American billionaire businessman

Joseph Liemandt (born 1967/1968) is an American billionaire businessman, and the founder of Trilogy Software, and ESW Capital, an investment company that buys software companies. As of April 2025, his net worth is estimated at $6.2 billion.

Liemandt attended Stanford University, but dropped out to start Trilogy Software. In 1996, he was the youngest self-made person on the Forbes 400, with a net worth of $500 million.

As of 2025, he is the principal of Alpha School, a teacherless AI-driven teaching program and school for children.

Liemandt lives in Austin, Texas.

==Political contributions==

Joe Liemandt and his wife Andra Liemandt contribute to Republican, Democratic, and Libertarian parties and candidates.

- 2009–2012: Gave $130,000 to the Libertarian National Committee.

- 2012: Gave $100,000 to Gary Johnson's 2012 presidential campaign.

- 2012: Gave $107,400 to Barack Obama's re-election campaign and the Democratic National Committee, and bundled more than $200,000 for his campaign. In March 2012, they were invited guests to the State Dinner at the White House in honor of Prime Minister David Cameron and Samantha Cameron.

- 2013: Gave $150,000 to the Libertarian PAC supporting Robert Sarvis's 2013 campaign for Virginia governor.

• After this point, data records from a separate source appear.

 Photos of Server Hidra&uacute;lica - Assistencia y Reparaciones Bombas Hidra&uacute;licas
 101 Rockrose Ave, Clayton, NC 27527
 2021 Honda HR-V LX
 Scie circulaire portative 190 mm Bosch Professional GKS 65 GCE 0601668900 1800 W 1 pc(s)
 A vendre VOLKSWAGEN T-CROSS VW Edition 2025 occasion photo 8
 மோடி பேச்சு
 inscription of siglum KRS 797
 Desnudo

- 2020: Gave $250,000 to Donald Trump's presidential campaign.

- 2023: Reportedly funneled $1 million to Glenn Youngkin's gubernatorial campaign using an LLC created the day before that was registered to the address of his private companies' CFO.

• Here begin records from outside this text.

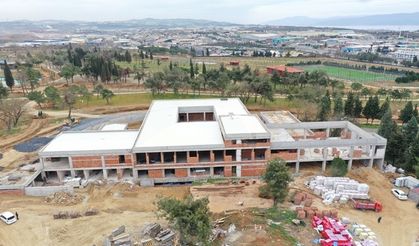Gebze Engelsiz Yaşam Merkezi hız kazandı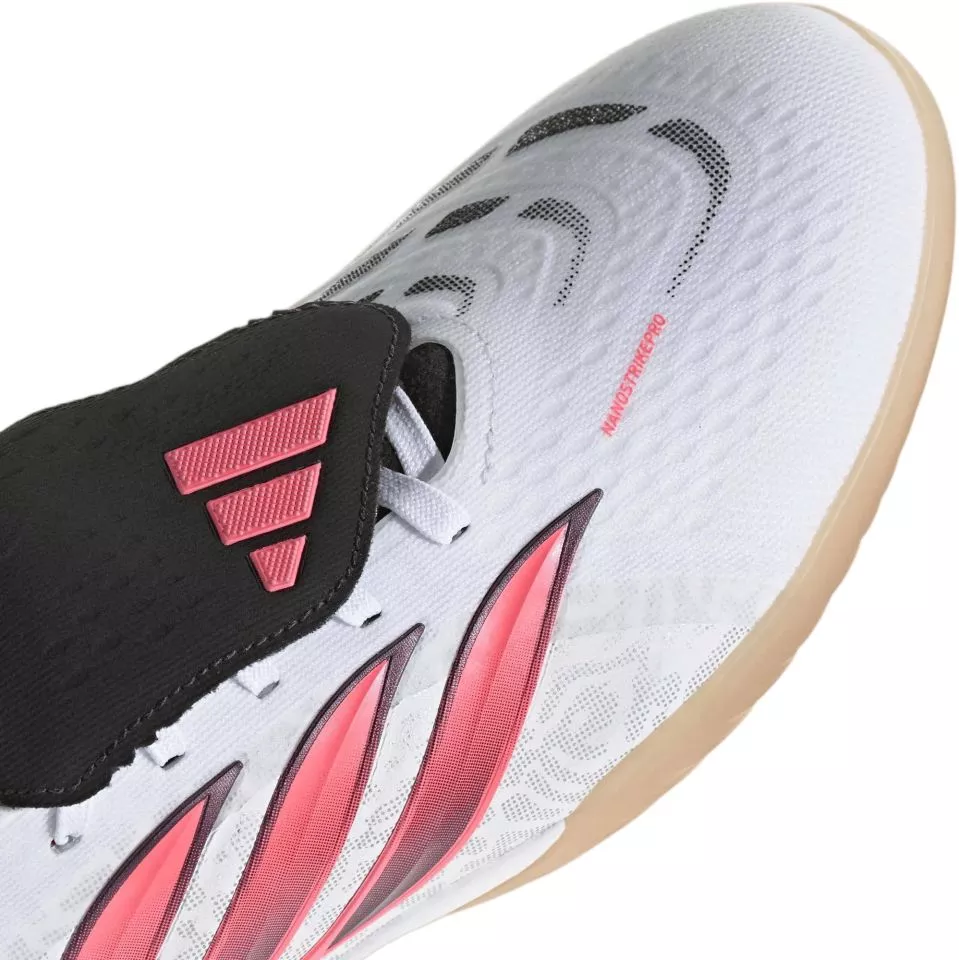 Botas de futsal adidas Predator Pro Fold-Over Tongue IN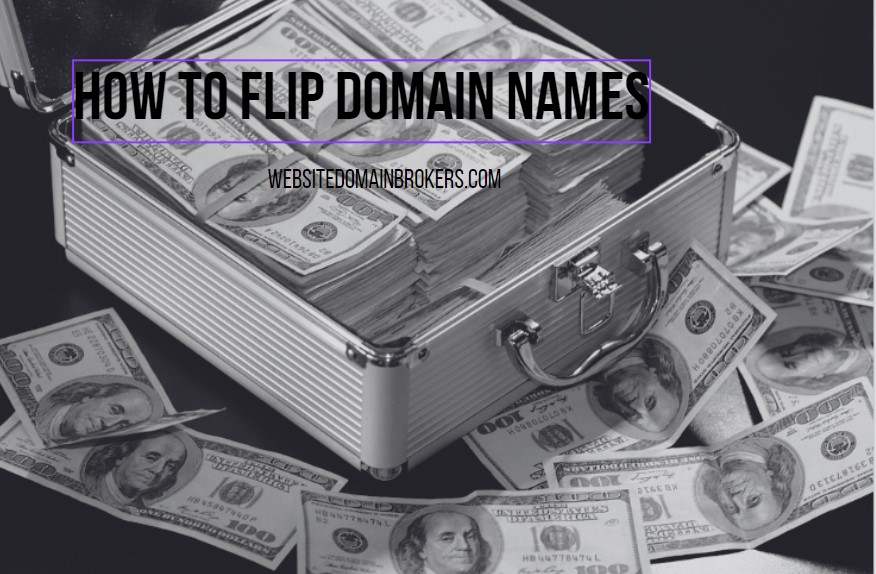 how to flip domain names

They also are engaged in Austin and Texas politics.

- 2016: Gave $20,000 to the Austin4All PAC in a 2016 effort to recall Austin City Council member Ann Kitchen, when she voted in favor of fingerprint-based background checks for ride-hailing services like Uber and Lyft.

- 2021: Gave $75,000 to the Save Austin Now PAC, supporting a city proposition to establish minimum police staffing levels.

- 2022: Gave $70,000 to a super PAC to support Kirk Watson's 2022 run for Austin mayor against Celia Israel.

- 2022: Gave $25,000 to Margaret Gómez's campaign against Susanna Ledesma-Woody for the Commissioners Court in Travis County.

- 2022: Gave $25,000 to Greg Abbott in his campaign for governor against Beto O'Rourke.

- 2022: The Liemandts were the top contributor for ActBlue Texas PAC in the 2022 election cycle, with $125,000 donated.

- 2024: Gave $20,000 to Jeremy Sylestine's campaign against José Garza for Travis County district attorney.

- 2024: Gave $50,000 to Ellen Troxclair during the Republican primary race against Kyle Biedermann for Texas's 19th House of Representatives district.